In the entries below, find the line containing "አጥብቆ ከልብ መያዝ።" and the line containing "Empowering Life ! https://t.co/suhjtHfodr". Copy those two lines and everything between them exactly, and only that.

- **Records supplied**
---+---

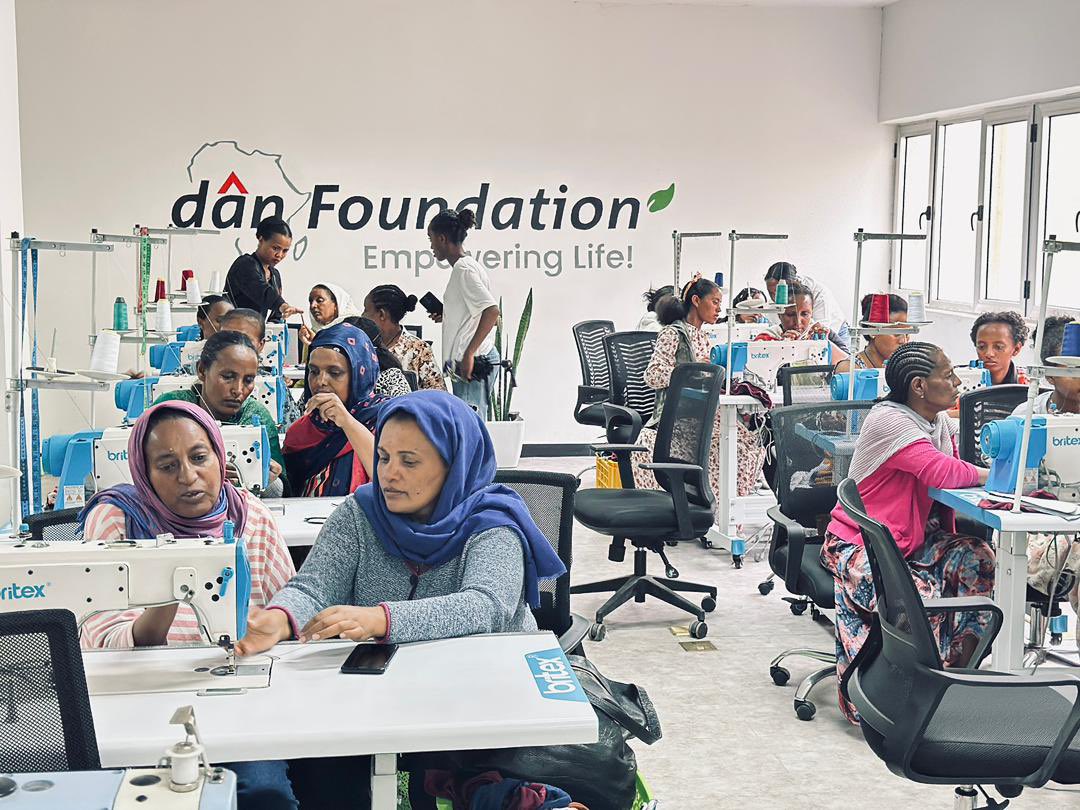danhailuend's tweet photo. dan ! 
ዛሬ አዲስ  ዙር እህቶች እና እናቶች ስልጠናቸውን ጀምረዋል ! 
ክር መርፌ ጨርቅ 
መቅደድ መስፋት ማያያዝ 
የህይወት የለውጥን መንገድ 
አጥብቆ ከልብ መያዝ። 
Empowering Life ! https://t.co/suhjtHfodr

---+---

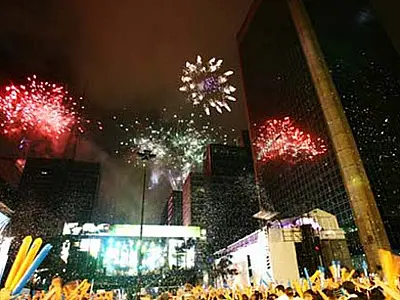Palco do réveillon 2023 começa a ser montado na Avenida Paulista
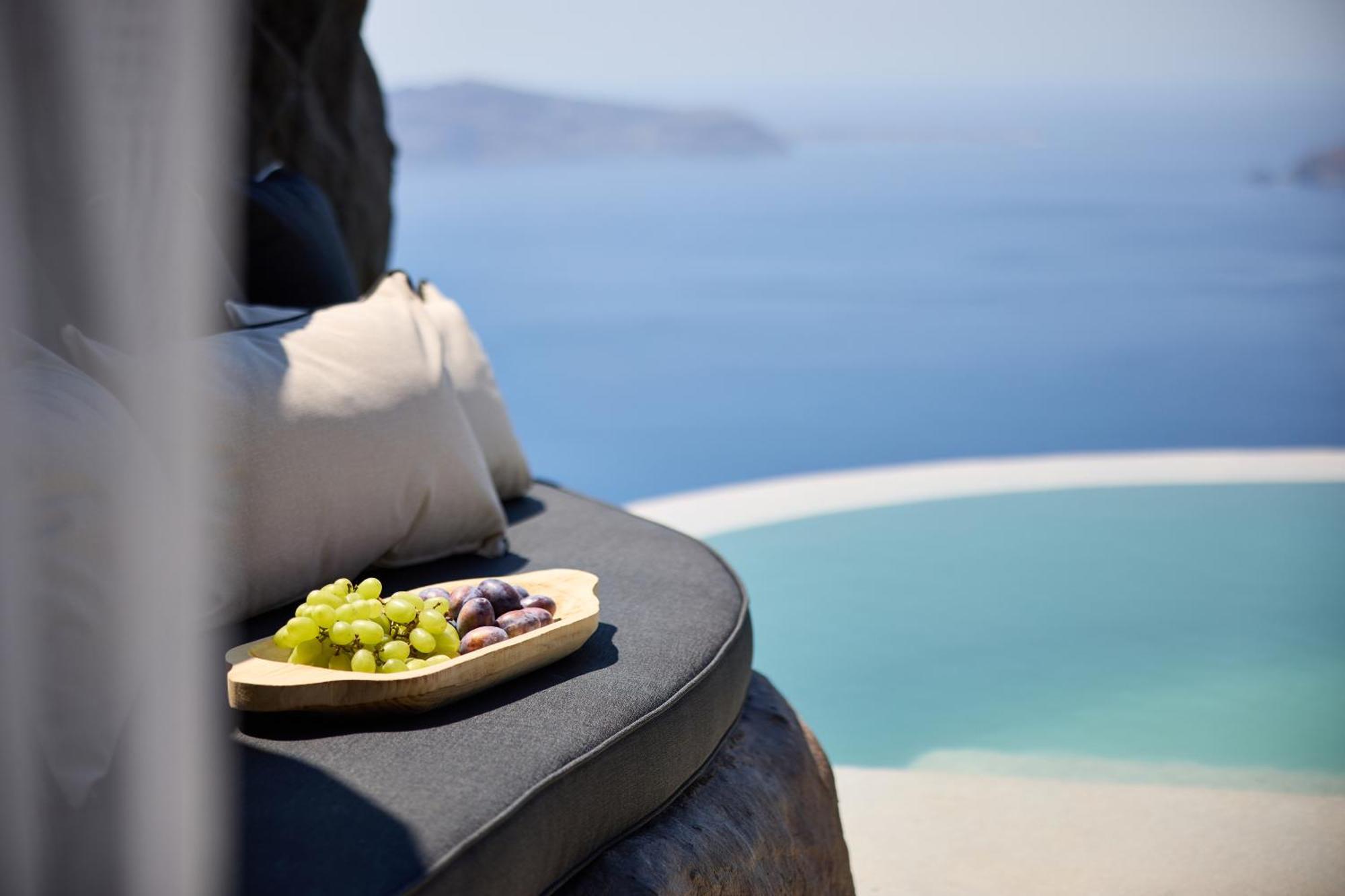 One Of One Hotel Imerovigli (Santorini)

---+---

- **Result**
አጥብቆ ከልብ መያዝ። 
Empowering Life ! https://t.co/suhjtHfodr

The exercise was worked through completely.